### [Work task]
Return the lines below exactly, please, from the one containing "VIFAH V435 Outdoor" through the last one, both included, and leave out any pictures.

### [Data below]
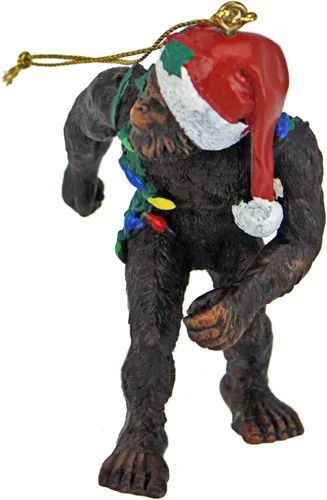 Vista 2 de Design Toscano yeti con sombrero de Papá Noel, divertido adorno navideño para árbol de Navidad, 5,1 cm de ancho, 2,5 cm de profundidad, 7,6 cm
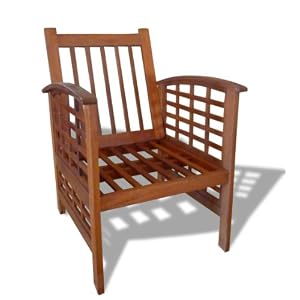 VIFAH V435 Outdoor Wood Lounge Chair, Natural Wood Finish, 24 by 30 by 33-Inch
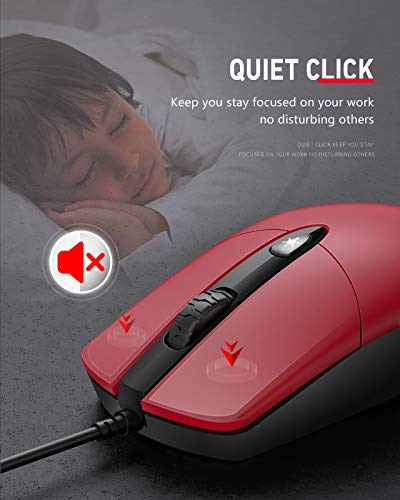 Wired Mouse with Ergonomic Design Reduces Hand Fatigue Muscle Strain, Silent USB Computer Mouse, 1600 DPI Office and Home Mice (Red, Wired)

### [Expected output]
 VIFAH V435 Outdoor Wood Lounge Chair, Natural Wood Finish, 24 by 30 by 33-Inch
 Wired Mouse with Ergonomic Design Reduces Hand Fatigue Muscle Strain, Silent USB Computer Mouse, 1600 DPI Office and Home Mice (Red, Wired)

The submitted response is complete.